Nested parallelization in MPI with small outer loop and large inner loop

I’m trying to run a slurm job using MPI, that involves a nested loop, where the outer loop is over a smaller list of size m than the inner loop (size n). For the inner loop, I want to use as many processes as possible nprocn. How can I make this work if n >> m and hence nproc >> m?

Below is my current implementation, that only works as long as nproc <= m.

using BSON
using CTExperiments
using CounterfactualExplanations
using DotEnv
using Logging
using MPI
using Serialization
using TaijaParallel

DotEnv.load!()

# Get config and set up grid:
config_file = get_config_from_args()
root_name = CTExperiments.from_toml(config_file)["name"]
root_save_dir = joinpath(ENV["OUTPUT_DIR"], root_name)
exper_grid = ExperimentGrid(config_file; new_save_dir=root_save_dir)

# Initialize MPI
MPI.Init()
comm = MPI.COMM_WORLD
rank = MPI.Comm_rank(comm)
nprocs = MPI.Comm_size(comm)
if MPI.Comm_rank(MPI.COMM_WORLD) != 0
    global_logger(NullLogger())
    exper_list = nothing
else
    # Generate list of experiments and run them:
    exper_list = setup_experiments(exper_grid)
    @info "Running $(length(exper_list)) experiments ..."
end

# Broadcast exper_list from rank 0 to all ranks
exper_list = MPI.bcast(exper_list, comm; root=0)

MPI.Barrier(comm)  # Ensure all processes reach this point before finishing

if length(exper_list) < nprocs
    @warn "There are less experiments than processes. Check CPU efficiency of job."
end
chunks = TaijaParallel.split_obs(exper_list, nprocs)    # split experiments into chunks for each process
worker_chunk = MPI.scatter(chunks, comm)                # distribute across processes

for (i, experiment) in enumerate(worker_chunk)
    if rank != 0
        # Shut up logging for other ranks to avoid cluttering output
        CTExperiments.shutup!(experiment.training_params)
    end

    # Setup:
    _save_dir = experiment.meta_params.save_dir
    _name = experiment.meta_params.experiment_name

    # Skip if already finished
    if has_results(experiment)
        @info "Rank $(rank): Skipping $(_name), model already exists."
        continue
    end

    # Running the experiment
    @info "Rank $(rank): Running experiment: $(_name) ($i/$(length(worker_chunk)))"
    println("Saving checkpoints in: ", _save_dir)
    model, logs = run_training(experiment; checkpoint_dir=_save_dir)

    # Saving the results:
    save_results(experiment, model, logs)
end

# Finalize MPI
MPI.Barrier(comm)  # Ensure all processes reach this point before finishing

If more processes are available than items contained in exper_list below, then no error is thrown and the logs actually show the following messages, but model, logs = run_training(experiment; checkpoint_dir=_save_dir) never executes.

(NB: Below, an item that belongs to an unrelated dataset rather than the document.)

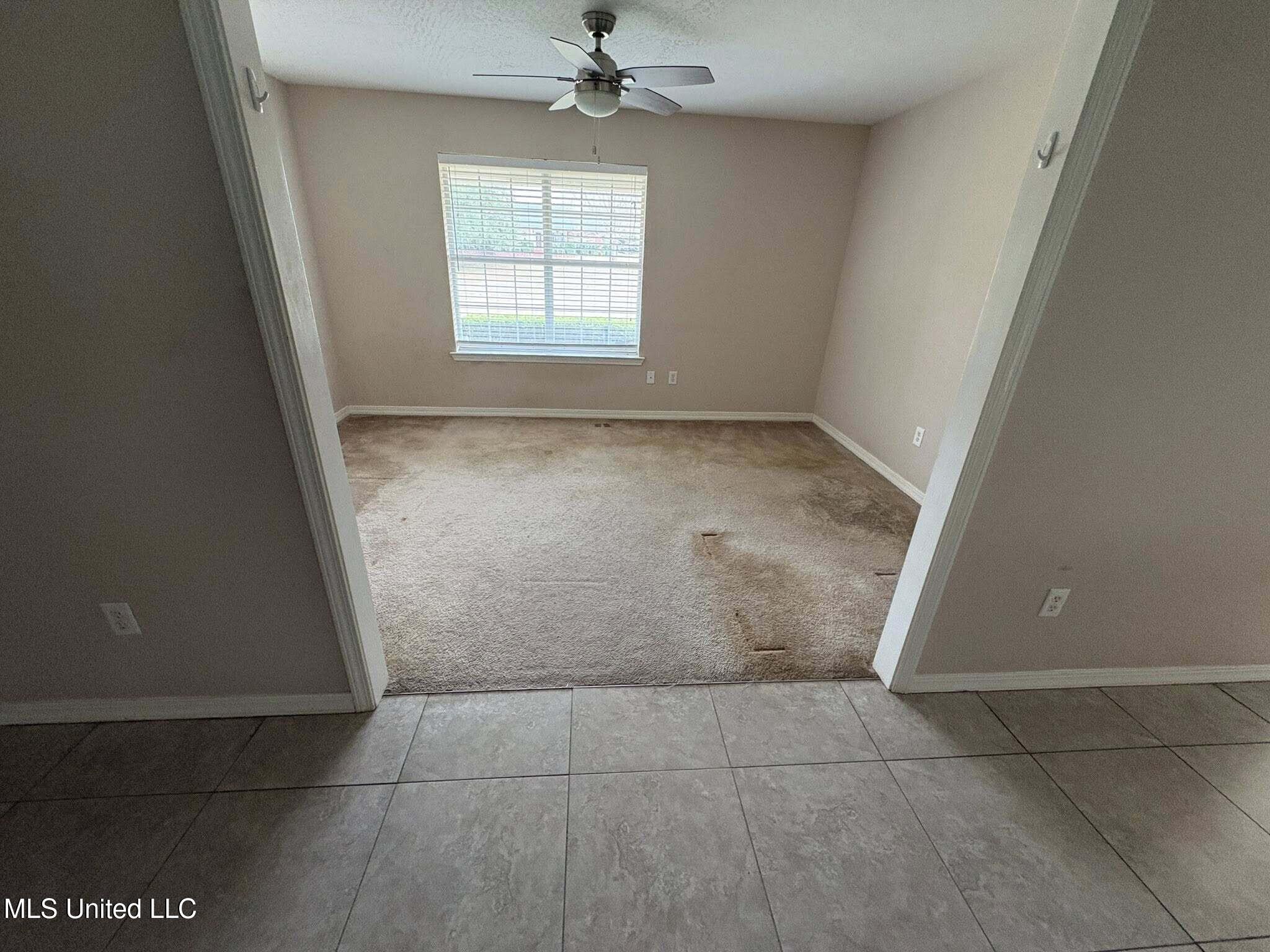 501 Pratt Road Wiggins, MS 39577 - Photo 12 of 25 office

[ Info: Running 9 experiments ...
┌ Warning: There are less experiments than processes. Check CPU efficiency of job.
└ @ Main /scratch/paltmeyer/code/CounterfactualTraining.jl/paper/experiments/run_grid.jl:43
[ Info: Rank 0: Running experiment: experiment_1 (1/1)
[ Info: Using `MPI.jl` for multi-processing.

Any help would be much appreciated!

I realized what the issue is: the inner loop is executed and distributed inside run_training(experiment; checkpoint_dir=_save_dir) and involves calls to MPI.Barrier. Since for workers that receive empty chunks (for the outer loop) that function is never called, these workers also never reach those barriers, causing all other workers to stop at those barriers.

The simple (and incredibly ugly and inefficient) fix is to assign dummy experiments as placeholders for empty elements of chunks. This way things work even if nproc >> m but I’m running redundant dummy experiments.

Any suggestions for a less ugly solution are still much appreciated.

After spending many days on this, I’ve come to conclude that what I wanted to achieve here simply is not possible or at least I am nowhere near experienced enough with MPI to make it work properly. So if anyone ever ends up in this thread, my advice is simply: do not try to distribute a set of tasks that distribute another set of tasks, unless you already know what you’re doing (in which case you probably won’t end up in this thread).